▶ Exercise input:
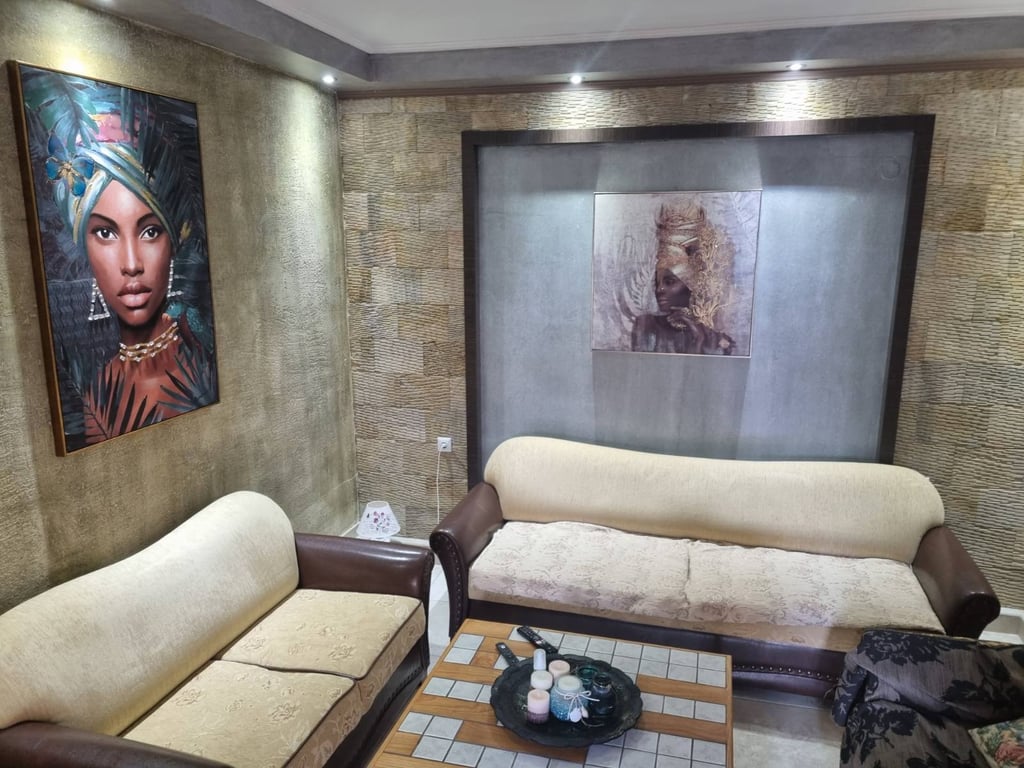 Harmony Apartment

--

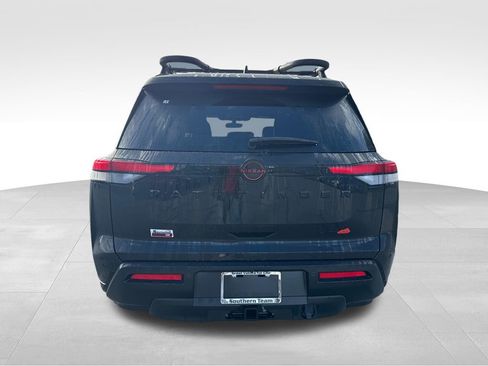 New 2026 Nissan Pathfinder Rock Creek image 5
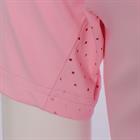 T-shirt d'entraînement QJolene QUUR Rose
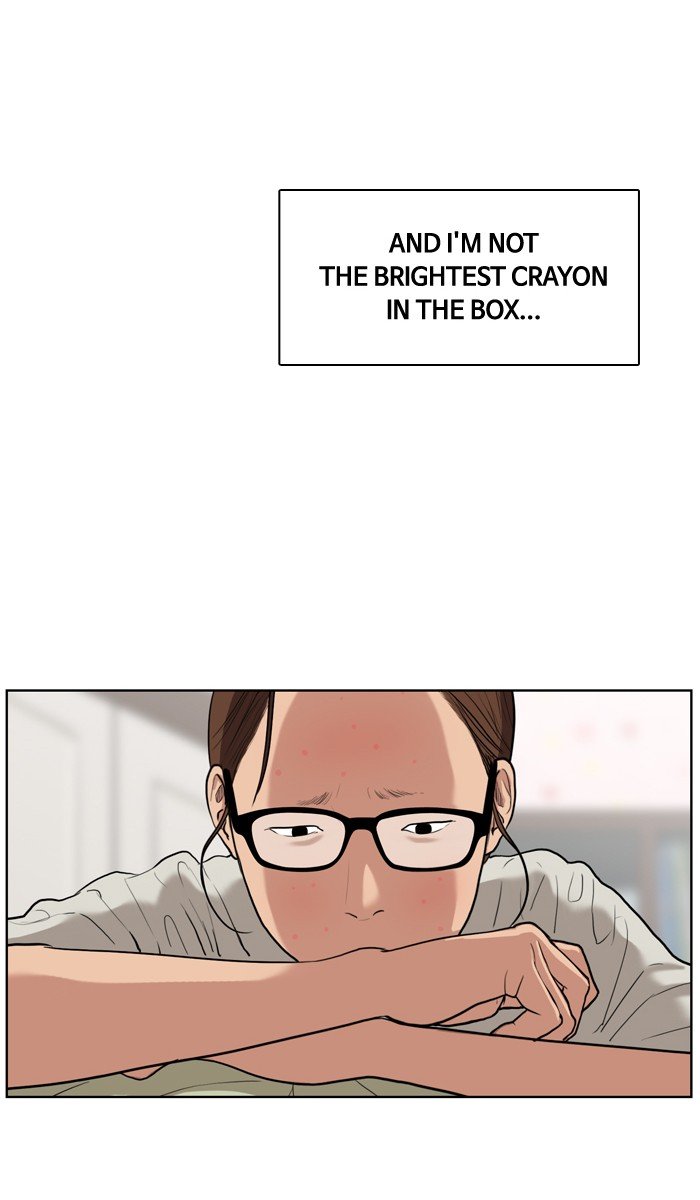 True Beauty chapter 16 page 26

* * *

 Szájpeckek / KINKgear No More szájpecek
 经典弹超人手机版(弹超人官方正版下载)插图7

▶ What you should do: Look back at the entries above and repeat, unchanged, every line from the line holding "Szájpeckek / KINKgear No More szájpecek" through the line holding "经典弹超人手机版(弹超人官方正版下载)插图7".

▶ Task answer:
 Szájpeckek / KINKgear No More szájpecek
 经典弹超人手机版(弹超人官方正版下载)插图7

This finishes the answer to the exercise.